### [TASK GOAL]
Copy nothing from the entries below except the lines from the one containing "Fleet Road, Fleet, GU51, photo 8" through the one containing "Toyota Hilux 2018 Silver", and copy those exactly.

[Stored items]
######

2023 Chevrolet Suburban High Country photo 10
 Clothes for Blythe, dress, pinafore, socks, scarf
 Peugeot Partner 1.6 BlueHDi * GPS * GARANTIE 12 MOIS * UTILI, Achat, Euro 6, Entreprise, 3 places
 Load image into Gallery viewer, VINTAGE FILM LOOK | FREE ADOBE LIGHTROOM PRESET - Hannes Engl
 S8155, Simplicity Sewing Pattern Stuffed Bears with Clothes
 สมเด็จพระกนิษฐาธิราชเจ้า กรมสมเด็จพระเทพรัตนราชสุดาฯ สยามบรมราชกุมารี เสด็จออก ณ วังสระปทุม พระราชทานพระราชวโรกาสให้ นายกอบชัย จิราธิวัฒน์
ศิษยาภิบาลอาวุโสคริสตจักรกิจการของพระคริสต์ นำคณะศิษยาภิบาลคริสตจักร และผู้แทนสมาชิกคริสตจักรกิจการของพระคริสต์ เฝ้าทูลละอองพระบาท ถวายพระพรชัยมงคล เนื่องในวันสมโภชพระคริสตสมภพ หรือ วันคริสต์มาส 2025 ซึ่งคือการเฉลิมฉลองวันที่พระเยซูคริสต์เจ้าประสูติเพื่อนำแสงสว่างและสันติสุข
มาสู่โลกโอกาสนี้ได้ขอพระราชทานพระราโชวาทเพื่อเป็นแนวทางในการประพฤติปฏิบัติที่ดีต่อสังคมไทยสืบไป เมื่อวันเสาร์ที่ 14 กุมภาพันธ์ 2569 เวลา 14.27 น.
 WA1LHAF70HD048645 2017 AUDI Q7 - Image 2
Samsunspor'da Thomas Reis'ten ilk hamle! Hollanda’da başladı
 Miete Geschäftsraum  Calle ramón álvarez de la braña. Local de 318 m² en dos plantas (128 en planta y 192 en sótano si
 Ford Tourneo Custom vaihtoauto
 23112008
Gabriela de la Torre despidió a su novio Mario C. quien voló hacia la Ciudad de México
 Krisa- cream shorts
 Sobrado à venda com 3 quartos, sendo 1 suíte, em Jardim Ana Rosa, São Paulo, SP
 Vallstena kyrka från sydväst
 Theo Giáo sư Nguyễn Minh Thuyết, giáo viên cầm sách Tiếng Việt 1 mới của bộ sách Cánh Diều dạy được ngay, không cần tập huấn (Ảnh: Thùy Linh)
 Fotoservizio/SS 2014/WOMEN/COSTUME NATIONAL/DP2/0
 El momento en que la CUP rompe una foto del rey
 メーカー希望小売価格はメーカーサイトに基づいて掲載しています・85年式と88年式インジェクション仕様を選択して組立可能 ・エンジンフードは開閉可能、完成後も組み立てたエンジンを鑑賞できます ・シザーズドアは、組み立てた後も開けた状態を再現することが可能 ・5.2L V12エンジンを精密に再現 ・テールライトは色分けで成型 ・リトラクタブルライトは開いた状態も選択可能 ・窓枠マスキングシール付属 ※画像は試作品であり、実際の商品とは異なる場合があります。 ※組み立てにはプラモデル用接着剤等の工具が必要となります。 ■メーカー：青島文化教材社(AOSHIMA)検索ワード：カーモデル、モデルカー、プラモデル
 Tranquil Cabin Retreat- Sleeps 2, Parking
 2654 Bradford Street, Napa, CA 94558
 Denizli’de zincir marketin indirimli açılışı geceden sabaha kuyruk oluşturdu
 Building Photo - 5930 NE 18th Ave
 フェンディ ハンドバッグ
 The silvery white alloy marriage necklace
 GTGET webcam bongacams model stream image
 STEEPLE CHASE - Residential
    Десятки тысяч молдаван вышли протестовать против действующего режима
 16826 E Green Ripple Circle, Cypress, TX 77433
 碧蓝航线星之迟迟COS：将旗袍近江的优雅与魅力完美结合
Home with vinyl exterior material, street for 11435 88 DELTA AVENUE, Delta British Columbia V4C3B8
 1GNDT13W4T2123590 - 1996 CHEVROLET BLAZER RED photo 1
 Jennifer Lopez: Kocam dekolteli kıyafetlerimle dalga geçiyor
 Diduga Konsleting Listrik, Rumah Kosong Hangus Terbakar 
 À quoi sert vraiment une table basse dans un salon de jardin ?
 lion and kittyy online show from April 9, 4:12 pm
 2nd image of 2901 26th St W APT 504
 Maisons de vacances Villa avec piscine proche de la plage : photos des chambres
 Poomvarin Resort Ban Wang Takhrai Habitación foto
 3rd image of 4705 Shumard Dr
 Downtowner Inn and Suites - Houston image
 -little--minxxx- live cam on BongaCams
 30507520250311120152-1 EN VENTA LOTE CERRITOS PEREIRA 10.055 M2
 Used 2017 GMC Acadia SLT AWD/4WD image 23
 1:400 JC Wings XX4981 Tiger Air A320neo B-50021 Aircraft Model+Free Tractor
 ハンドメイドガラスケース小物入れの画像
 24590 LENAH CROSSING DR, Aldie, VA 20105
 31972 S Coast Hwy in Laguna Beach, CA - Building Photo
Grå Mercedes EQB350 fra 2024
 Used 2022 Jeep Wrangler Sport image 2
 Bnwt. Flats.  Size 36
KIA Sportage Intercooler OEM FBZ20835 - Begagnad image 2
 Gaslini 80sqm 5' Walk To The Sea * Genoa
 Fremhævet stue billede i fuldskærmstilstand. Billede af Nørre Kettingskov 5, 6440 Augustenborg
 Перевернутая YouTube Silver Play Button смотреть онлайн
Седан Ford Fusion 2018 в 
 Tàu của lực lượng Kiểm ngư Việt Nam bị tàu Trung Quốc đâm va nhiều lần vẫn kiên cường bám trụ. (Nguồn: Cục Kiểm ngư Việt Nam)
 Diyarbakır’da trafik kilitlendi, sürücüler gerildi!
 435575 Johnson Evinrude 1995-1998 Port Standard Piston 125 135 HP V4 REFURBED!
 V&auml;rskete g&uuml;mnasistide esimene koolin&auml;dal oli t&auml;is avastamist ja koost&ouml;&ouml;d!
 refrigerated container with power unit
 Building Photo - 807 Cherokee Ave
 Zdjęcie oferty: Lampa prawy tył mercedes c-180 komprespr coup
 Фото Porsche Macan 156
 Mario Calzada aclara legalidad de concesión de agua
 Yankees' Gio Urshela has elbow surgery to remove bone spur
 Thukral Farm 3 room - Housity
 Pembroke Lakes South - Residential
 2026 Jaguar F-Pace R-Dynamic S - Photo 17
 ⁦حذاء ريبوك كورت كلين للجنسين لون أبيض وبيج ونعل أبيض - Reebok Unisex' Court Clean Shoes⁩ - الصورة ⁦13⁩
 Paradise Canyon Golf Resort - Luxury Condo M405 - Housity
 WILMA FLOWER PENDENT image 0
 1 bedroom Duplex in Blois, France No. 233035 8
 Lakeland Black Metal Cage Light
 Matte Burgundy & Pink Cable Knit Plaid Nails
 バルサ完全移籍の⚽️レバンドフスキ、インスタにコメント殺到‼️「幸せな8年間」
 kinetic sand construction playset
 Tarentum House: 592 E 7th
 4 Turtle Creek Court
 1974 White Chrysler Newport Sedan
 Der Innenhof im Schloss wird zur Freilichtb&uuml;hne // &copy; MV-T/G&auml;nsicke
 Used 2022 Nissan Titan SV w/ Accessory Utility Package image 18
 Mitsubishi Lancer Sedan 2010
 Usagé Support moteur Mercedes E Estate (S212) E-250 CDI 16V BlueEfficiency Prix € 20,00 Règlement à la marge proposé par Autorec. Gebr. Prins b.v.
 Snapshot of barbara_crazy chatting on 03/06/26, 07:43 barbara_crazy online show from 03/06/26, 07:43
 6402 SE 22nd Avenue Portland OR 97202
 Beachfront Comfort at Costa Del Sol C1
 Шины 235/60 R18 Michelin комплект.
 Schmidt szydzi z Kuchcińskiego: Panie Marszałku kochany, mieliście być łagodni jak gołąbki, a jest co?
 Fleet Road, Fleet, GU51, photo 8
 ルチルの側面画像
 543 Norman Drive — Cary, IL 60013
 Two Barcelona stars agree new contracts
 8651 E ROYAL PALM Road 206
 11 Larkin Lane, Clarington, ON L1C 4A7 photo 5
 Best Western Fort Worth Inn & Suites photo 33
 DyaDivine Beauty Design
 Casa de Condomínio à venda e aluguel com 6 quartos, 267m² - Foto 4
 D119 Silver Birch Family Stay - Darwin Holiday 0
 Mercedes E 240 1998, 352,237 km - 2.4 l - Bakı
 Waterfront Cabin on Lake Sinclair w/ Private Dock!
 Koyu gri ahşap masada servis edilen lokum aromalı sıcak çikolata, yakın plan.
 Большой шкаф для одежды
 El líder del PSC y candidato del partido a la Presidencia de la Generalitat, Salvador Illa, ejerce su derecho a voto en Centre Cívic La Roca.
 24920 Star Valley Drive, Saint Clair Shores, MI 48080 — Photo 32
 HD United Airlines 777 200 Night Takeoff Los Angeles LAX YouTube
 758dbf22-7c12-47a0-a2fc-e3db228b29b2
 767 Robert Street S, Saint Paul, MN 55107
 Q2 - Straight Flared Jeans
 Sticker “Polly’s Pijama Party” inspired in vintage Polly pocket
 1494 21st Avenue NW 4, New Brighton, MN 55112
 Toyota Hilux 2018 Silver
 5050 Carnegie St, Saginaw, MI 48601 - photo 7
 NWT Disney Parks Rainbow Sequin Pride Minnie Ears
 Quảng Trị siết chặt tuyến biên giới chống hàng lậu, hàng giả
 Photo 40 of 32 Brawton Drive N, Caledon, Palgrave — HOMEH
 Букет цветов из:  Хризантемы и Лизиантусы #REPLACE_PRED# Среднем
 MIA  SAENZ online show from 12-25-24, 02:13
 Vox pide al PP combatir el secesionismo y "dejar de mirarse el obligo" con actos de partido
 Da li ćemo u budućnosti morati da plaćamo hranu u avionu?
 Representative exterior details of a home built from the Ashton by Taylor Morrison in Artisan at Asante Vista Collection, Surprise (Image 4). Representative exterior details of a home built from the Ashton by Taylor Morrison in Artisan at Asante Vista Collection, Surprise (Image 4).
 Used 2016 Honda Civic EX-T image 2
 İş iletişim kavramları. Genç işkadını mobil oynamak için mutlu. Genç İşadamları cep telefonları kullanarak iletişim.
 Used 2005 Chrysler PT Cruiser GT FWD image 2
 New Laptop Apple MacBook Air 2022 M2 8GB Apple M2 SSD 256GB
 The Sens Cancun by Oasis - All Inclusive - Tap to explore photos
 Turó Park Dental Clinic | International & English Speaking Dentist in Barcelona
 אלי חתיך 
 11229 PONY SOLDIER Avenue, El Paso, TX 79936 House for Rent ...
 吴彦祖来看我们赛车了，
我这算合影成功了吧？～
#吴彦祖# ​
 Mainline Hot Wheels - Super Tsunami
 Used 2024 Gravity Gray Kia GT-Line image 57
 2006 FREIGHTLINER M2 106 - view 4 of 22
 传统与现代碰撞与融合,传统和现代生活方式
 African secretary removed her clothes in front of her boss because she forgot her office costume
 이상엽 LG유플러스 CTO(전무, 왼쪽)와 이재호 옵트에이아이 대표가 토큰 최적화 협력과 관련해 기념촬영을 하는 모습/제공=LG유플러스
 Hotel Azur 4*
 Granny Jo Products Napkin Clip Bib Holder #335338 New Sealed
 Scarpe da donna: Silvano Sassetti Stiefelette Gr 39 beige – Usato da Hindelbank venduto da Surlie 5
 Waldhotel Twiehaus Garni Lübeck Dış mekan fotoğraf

######

### [EXERCISE SOLUTION]
 Fleet Road, Fleet, GU51, photo 8
 ルチルの側面画像
 543 Norman Drive — Cary, IL 60013
 Two Barcelona stars agree new contracts
 8651 E ROYAL PALM Road 206
 11 Larkin Lane, Clarington, ON L1C 4A7 photo 5
 Best Western Fort Worth Inn & Suites photo 33
 DyaDivine Beauty Design
 Casa de Condomínio à venda e aluguel com 6 quartos, 267m² - Foto 4
 D119 Silver Birch Family Stay - Darwin Holiday 0
 Mercedes E 240 1998, 352,237 km - 2.4 l - Bakı
 Waterfront Cabin on Lake Sinclair w/ Private Dock!
 Koyu gri ahşap masada servis edilen lokum aromalı sıcak çikolata, yakın plan.
 Большой шкаф для одежды
 El líder del PSC y candidato del partido a la Presidencia de la Generalitat, Salvador Illa, ejerce su derecho a voto en Centre Cívic La Roca.
 24920 Star Valley Drive, Saint Clair Shores, MI 48080 — Photo 32
 HD United Airlines 777 200 Night Takeoff Los Angeles LAX YouTube
 758dbf22-7c12-47a0-a2fc-e3db228b29b2
 767 Robert Street S, Saint Paul, MN 55107
 Q2 - Straight Flared Jeans
 Sticker “Polly’s Pijama Party” inspired in vintage Polly pocket
 1494 21st Avenue NW 4, New Brighton, MN 55112
 Toyota Hilux 2018 Silver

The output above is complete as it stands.